AFTER a gruelling four-day charity trek in the mountains of Peru an intrepid Macclesfield traveller was glad to be back home... but only so she could use a proper loo!

Liz Hadfield had trained hard for the 25 mile hike in which she climbed to over 14,000ft but said nothing had prepared her for camping without showers or toilets.

"The toilets were disgusting - they were worse than the loos at the Glastonbury music festival! They were just a hole in the ground.

"I think it would have been more hygienic to go behind some bushes," she said.

And after going four days without a shower she said she felt "a bit grotty".

"When we got back to the city after the trek we met tourists who had gone up by bus - they were looking at us as if we were aliens!"

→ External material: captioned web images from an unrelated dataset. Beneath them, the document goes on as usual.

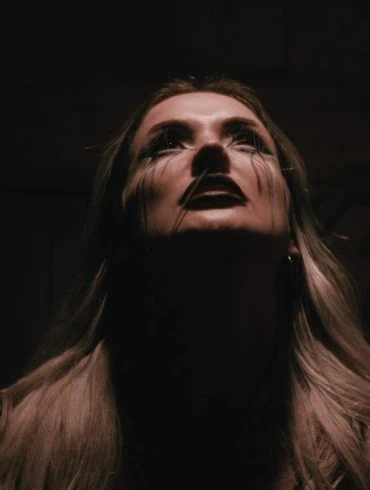 Defacing God dévoile Your Presence Lingers Here, extrait de Darkness Is My Crown 20 Defacing God dévoile Your Presence Lingers Here, extrait de Darkness Is My Crown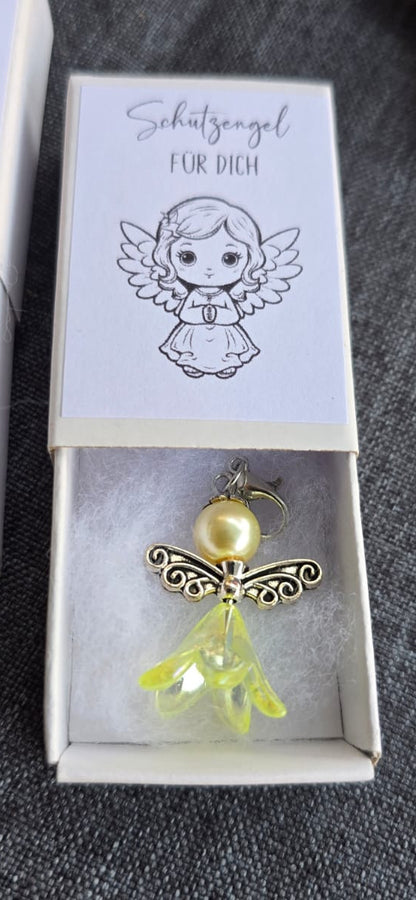 Kleiner Schutzengel Anhänger aus Perlen – Glücksbringer Geschenkbox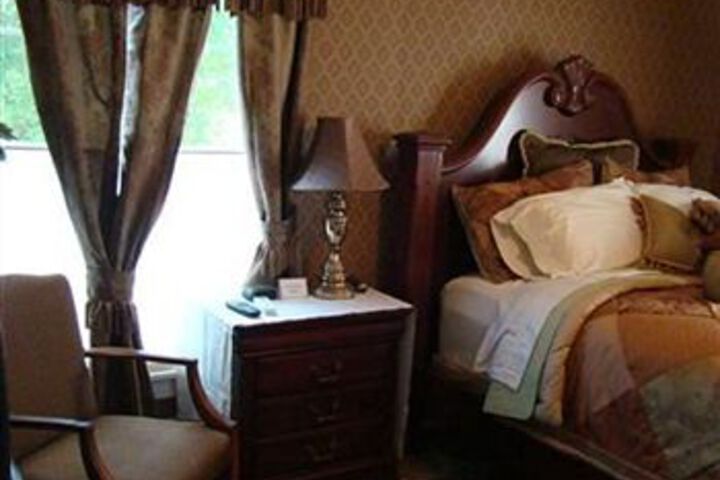 Vintage Charm Bed & Breakfast Hotel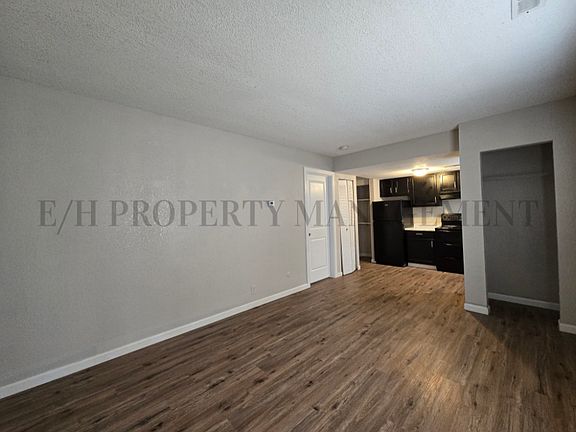 3rd image of 3037 N Jackson Ave #4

But Liz, 32, who raised an impressive £3,000 for the Children's Hospitals Trust Appeal, said she would not have missed the experience for the world.

"It was an absolutely wonderful and unforgettable experience. I feel I have achieved something really amazing," she said.

"The main reasons I did it were because it was for a good cause, and it was a personal challenge. But it was also great fun, and I met a lot of brilliant people."

The trek followed the Inca Trail from the city of Cusco to the ruins of Machu Picchu, the lost city of the Incas in the Andes Mountains.

She said: "Because we followed the trail to the city, it felt like we were the first people to discover it. It was amazing."

Liz, who works in the urology department at Macclesfield Hospital, said the sheer altitude of the trek was a hurdle in itself.

She said: "We spent the first day acclimatising ourselves to the atmosphere. If you climbed the stairs, you were out of breath, because the air is so thin.

"I was so nervous because we knew we were going to climb another 3,000 feet during the next four days."

And climb she did. Although the total distance walked was only 25 miles, Liz marched up endless stone steps and along rocky tracks to a dizzy height of 14,000ft.